Personalised funerals using motorcycles or horse drawn hearse were still available and direct unattended cremation had seen more families choosing to have the cortege drive by a place of significance so people could pay their respects.
The Co-op has also started offering a remembrance service whereby once the restrictions are lifted, families can arrange a posthumous celebration of life.
As Scottish President for the National Society of Allied and Independent Funeral Directors,
James Carcary of James Carcary Funeral Directors in Perth said most families understood the need for funeral attendees to be limited to around 15. With funeral homes closed, arrangements by phone and email were “operating well”.
But the 62-year-old with over 30 years experience as an undertaker said many families were experiencing “enormous strain” through the lack of direct undertaker contact and many struggled with the limitations on services.
Procedures at funerals included hand sanitising, social distancing, and cleaning of the crematoria after each service. Families were not allowed to carry or lower the coffin at the cemetery.
Families did, however, find recordings and live-streamed videos “very comforting”.
He added: “Because of the limited numbers attending a service, hymn singing can be problematic, but we are fortunate to have the services of an organist who is also an accomplished singer, and this adds to the poignancy and warmth of the service.
“The biggest issue is the isolation. This applies to both funeral directors and the families.
“We have always prided ourselves on ‘being there’ for families, able to offer them guidance and support. Meeting them face to face enables us to build up a relationship.

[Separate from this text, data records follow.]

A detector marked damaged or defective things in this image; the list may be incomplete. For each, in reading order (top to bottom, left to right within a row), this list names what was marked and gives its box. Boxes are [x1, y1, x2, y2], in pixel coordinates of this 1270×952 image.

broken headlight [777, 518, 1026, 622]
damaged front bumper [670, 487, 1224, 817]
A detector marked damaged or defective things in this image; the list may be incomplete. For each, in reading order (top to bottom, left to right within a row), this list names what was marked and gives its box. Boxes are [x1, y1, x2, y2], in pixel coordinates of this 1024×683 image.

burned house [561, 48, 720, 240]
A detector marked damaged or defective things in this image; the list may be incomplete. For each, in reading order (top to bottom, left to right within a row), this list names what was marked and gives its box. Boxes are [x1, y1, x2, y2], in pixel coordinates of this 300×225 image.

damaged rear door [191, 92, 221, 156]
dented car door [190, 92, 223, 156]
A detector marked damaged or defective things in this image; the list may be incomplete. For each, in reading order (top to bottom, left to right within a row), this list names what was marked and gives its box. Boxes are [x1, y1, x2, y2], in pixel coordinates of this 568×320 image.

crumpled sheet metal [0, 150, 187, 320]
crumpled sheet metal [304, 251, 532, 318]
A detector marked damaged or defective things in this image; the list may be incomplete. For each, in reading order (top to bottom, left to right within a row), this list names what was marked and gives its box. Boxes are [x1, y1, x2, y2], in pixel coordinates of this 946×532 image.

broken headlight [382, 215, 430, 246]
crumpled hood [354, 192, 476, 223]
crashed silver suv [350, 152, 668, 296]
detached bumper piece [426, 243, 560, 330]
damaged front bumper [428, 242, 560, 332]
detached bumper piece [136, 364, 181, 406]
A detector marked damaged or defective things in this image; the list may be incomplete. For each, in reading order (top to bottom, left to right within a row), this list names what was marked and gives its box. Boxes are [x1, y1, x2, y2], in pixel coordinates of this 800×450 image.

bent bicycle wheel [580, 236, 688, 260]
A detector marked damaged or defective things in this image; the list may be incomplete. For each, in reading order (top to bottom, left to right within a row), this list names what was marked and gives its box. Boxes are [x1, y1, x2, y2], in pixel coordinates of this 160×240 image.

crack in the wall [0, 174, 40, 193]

“For families the isolation must be horrendous – they may not have seen their loved ones for many weeks before their passing, the process of arranging a full funeral, which is an act of love and care, the coming together of family and friends to mourn, is denied to them.”
Mr Carcary said that ordinarily they’d wear gloves and an apron when recovering a death at home. Now, however, every death at home was treated as a potential Covid infection and staff would enter wearing full PPE.
Mr Carcary said it was “sad” the situation everyone finds themselves in. But he added: “If you just explain to families why we do things and the best way forward, families are very good at coping. We’ll see ourselves through this virus.”